Joe King Carrasco、Doug Sahmともに80年代ですね。
さて、私がCarrasco好きということが大きいですが、本盤は「スカッ」と聴きとおせるパンチの効いたアルバムです。
とりわけ、冒頭の"Buena"から、"Let's Get Pretty"、"Betty's World"と続く流れが最高にごきげんです。
"Buena"の、アコギから始まってメロディックなベース、グルーヴィーなオルガンが入ってくる前奏の雰囲気は、Sir Douglas Quintetのサウンドそのものです。
本バージョンでのベースは、ざっくりとクリーデンスの「雨を見たかい」を連想しました。
"Let's Get Pretty"は、Joe King Carrasco版の"96 Tears"じゃないでしょうか。
脳内に留まって暴れ回る無限軌道リズムは、分かっていてもはまってしまう高い習慣性があります。

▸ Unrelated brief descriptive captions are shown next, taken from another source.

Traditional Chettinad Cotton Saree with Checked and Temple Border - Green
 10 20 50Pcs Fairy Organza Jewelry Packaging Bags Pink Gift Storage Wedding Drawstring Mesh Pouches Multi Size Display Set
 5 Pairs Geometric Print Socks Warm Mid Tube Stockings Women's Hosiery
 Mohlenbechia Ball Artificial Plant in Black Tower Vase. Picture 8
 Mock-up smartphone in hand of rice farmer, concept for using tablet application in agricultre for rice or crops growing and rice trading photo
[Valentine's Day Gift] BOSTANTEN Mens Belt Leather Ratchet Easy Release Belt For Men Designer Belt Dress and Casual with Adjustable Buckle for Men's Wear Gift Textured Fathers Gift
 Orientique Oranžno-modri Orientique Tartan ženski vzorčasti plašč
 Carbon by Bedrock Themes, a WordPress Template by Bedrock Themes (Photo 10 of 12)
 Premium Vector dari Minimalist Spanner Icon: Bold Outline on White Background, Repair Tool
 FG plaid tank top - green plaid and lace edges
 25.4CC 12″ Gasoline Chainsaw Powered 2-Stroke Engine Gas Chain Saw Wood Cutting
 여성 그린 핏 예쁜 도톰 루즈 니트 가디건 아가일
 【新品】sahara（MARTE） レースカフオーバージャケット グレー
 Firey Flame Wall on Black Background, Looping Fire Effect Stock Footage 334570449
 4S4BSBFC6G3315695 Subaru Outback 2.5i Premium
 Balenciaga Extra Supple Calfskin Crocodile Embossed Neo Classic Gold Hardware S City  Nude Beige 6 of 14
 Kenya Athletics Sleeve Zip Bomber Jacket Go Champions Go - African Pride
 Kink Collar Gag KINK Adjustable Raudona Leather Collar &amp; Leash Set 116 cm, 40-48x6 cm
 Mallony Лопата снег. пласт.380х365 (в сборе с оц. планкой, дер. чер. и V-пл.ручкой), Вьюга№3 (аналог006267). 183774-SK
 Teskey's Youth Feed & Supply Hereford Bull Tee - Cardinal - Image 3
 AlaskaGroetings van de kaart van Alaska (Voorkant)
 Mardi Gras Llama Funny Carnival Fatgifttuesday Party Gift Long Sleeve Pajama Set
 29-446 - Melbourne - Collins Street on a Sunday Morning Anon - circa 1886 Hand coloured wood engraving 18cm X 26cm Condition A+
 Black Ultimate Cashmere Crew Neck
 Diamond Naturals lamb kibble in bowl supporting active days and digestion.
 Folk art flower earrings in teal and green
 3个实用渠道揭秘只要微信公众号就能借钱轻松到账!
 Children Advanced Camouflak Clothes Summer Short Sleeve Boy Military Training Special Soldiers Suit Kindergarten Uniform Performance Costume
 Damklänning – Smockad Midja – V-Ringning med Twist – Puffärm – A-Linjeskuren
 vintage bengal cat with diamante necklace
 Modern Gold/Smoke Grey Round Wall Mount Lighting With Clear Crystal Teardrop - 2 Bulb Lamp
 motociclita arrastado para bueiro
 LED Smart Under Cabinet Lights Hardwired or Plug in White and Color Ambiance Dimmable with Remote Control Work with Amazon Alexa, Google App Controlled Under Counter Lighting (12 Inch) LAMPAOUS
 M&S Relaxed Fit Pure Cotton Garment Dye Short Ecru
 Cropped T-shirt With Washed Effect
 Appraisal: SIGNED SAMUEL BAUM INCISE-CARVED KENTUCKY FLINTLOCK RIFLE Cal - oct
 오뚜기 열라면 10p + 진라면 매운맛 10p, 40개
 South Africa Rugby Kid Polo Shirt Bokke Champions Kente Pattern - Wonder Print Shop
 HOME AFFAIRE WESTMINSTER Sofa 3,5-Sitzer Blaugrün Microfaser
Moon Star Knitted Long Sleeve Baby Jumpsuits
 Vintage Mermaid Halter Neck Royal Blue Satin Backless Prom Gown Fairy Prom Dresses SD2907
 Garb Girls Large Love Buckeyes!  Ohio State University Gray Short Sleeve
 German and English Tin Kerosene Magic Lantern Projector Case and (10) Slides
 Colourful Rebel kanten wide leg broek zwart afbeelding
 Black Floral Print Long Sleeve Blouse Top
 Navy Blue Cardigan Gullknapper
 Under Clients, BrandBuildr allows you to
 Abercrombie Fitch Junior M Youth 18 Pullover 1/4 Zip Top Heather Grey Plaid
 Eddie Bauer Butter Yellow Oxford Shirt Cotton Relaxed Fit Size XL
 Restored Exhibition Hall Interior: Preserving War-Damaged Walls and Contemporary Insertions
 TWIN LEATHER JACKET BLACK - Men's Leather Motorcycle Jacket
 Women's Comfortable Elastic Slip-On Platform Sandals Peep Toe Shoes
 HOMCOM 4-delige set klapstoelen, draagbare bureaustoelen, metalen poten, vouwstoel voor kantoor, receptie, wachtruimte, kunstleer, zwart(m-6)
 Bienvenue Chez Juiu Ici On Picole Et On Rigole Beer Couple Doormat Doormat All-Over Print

ちなみに、トラック7の"Kicks On You"は、Stiff盤では"I Get My Kicks On You"と表記されている曲です。
Johnny Perezが曲づくりにどんな役割を担ったのか不明ですが、本盤の収録曲はみんな好きです。
"Bordertown"収録曲で、Johnny PerezがJ.J.Light(クインテットの70年代初期のベーシスト)と共作した、"Baby Let's Go Mexico"もポップな良い曲でした。